Records for this task:

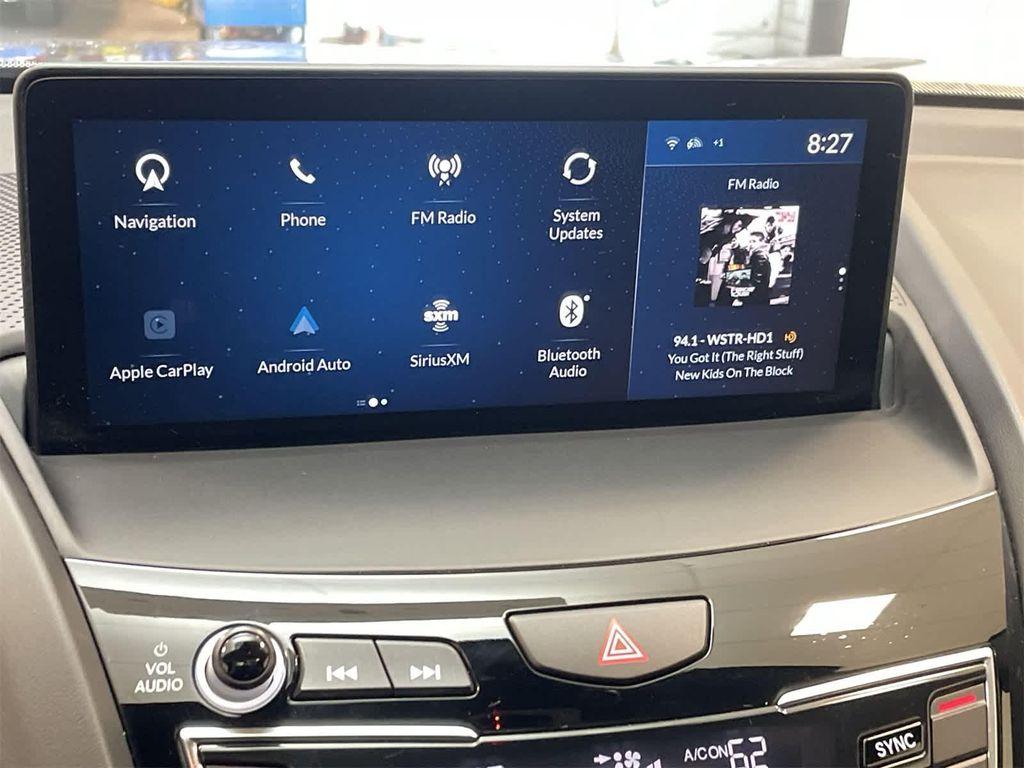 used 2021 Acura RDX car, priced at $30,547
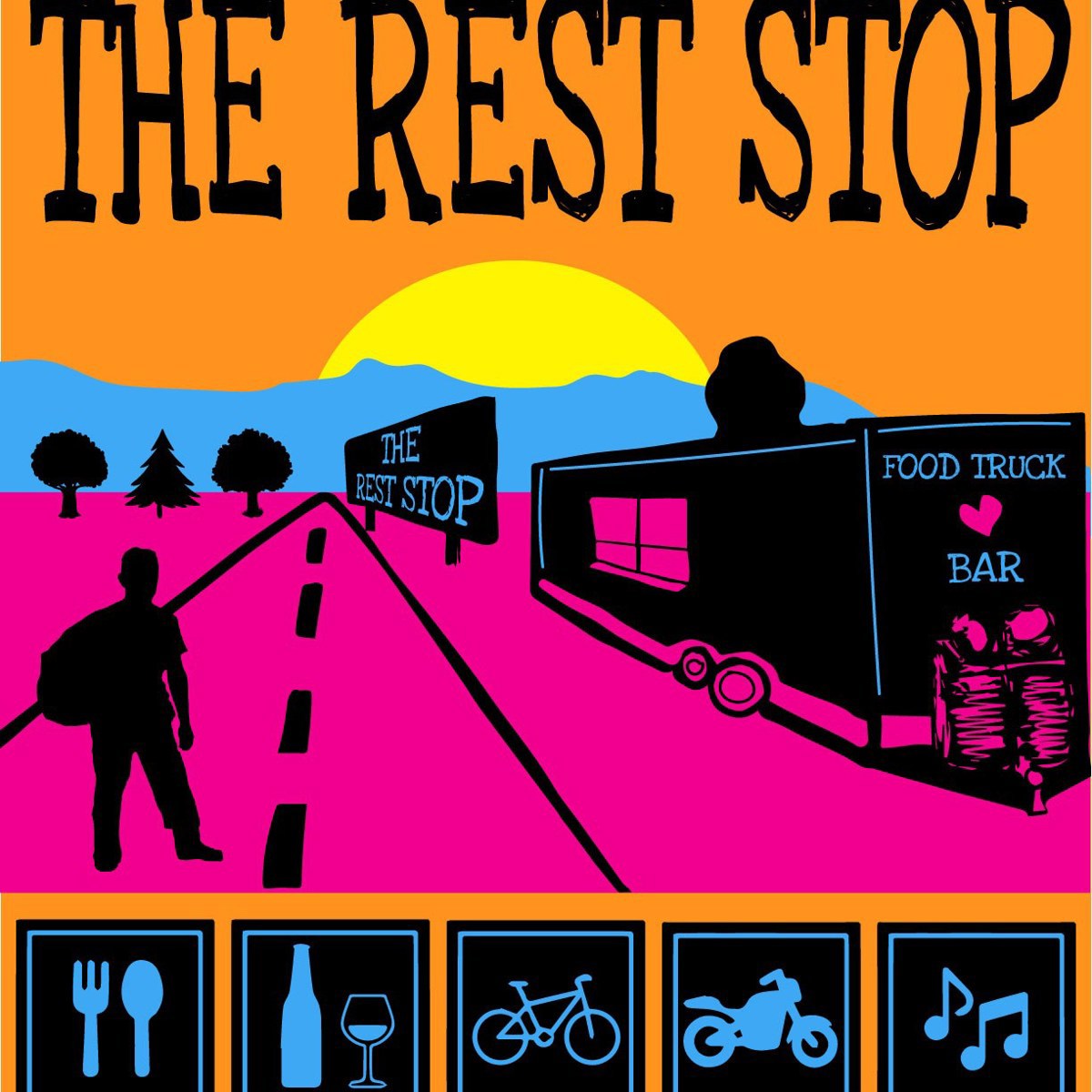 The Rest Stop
---
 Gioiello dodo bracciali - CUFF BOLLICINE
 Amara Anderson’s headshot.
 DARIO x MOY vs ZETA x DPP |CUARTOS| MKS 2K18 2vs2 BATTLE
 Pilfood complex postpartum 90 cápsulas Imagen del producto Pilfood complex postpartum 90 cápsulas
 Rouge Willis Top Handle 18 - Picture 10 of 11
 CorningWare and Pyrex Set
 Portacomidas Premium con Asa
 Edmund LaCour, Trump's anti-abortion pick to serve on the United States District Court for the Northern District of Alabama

Instructions to follow:
Your answer should consist of the lines from the line with "CorningWare and Pyrex Set" to the line with "Edmund LaCour, Trump's" above, repeated exactly, both ends included.

Response:
 CorningWare and Pyrex Set
 Portacomidas Premium con Asa
 Edmund LaCour, Trump's anti-abortion pick to serve on the United States District Court for the Northern District of Alabama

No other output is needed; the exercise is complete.